So release for release sake. Push it to production to make the release quota but hide it because it's incomplete and doesn't work. What's the point of that theater?

Reduce the scope of each deployment which results in deployments being predictable and safe.

This is why cycle time is a much more useful metric. The book "Accelerate" shows what a mature conversation around software metrics should look like.

EDIT: To be fair, my point may not directly address yours. "Value" is still a tough thing to determine.

Exactly. ^

Personally, I like to try to track how many times functions have been called (if possible), where bottlenecks are and if they make sense (is there some trade-off that necessitated them), and overall module usage.

That gives a more generally clear picture of performance.

There's a reason the execs thinks in terms of revenue, cost, and profit. Why would you want your engineers, designers, or anyone abstracted away from that? From my experience, every time you try to do that you end up with the business and the workforce misaligned.

It's not always easy to quantify value, and sometimes the return on an investment is slow and that can be unattractive. However, that doesn't mean we should try and hide away from figuring out the true value of work in business terms.

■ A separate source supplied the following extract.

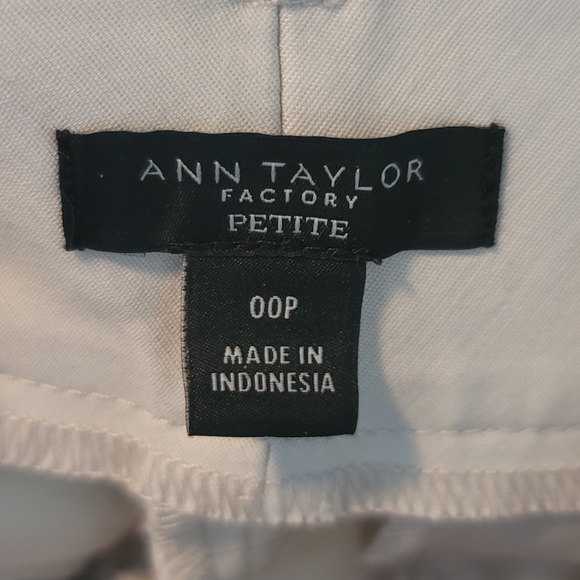 Ann Taylor petite pants - Picture 10 of 17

In my opinion, we should judge the impact and effectiveness on the base line metrics as the rest of the org. In a for profit company that's measures such as increasing customer spend, increasing conversion rates, reducing churn, reducing operational costs. All of those measures can be directly tied to revenue, costs, and profit. It's the language the business speaks, why would you want to speak a different language to the rest of the business? More than that, why would you want to start measuring performance in a different way to the rest of the business?

Because, although it oughtn't, the culture that way of thinking produces some of the worst code because it's more difficult to quantify the direct value of a lot of the work that goes into good software engineering.

Security ends up just being a cost, nobody bothers to actually quantify the risk because nobody really knows. This leads down the path of "the only security that's quantifiable are my legal requirements."

You can't know the productivity gains/losses from a refactor until long after you've done it.

You can't know how productive different ecosystems are until long after your team adopted them. Your only measuring stick is how excited your devs are to use it. What's productive for one team might not be for another.

Nobody quantifies acquiring tech debt so it piles up while people "deliver" and the productivity losses come so gradually from it that teams don't even realize they've slowed down because their velocity says constant it's just that cards gradually get more difficult.

Performance becomes a cost because there's a huge grey area (Jira) between "so slow I consider it down" and "general annoyance that slowly nudges me away from the product." Unless you're planet scale or whatever your sample size isn't big enough to notice these things.

This way of thinking creates feature factories.

I agree 100% that we can do better than being totally disconnected from the business but this ends up being so much worse.

I do not disagree that it's really tough to quantify a lot of those things and most of them will be estimates and may be wrong, in particular over longer periods of time. But in the context of the article (a larger business with profit generating goals) I don't think you can walk up to management and say "lets switch technology, we're excited about this new thing" and expect to be taken seriously.

It's not dissimilar for security and code quality, they are just part of doing the job properly. They're also part of continually identifiying future business risk. If you find a vulnerability you can absolutely identify the risk of leaving it there, just like you can identify the level of risk of not thinking about it up front with a feature.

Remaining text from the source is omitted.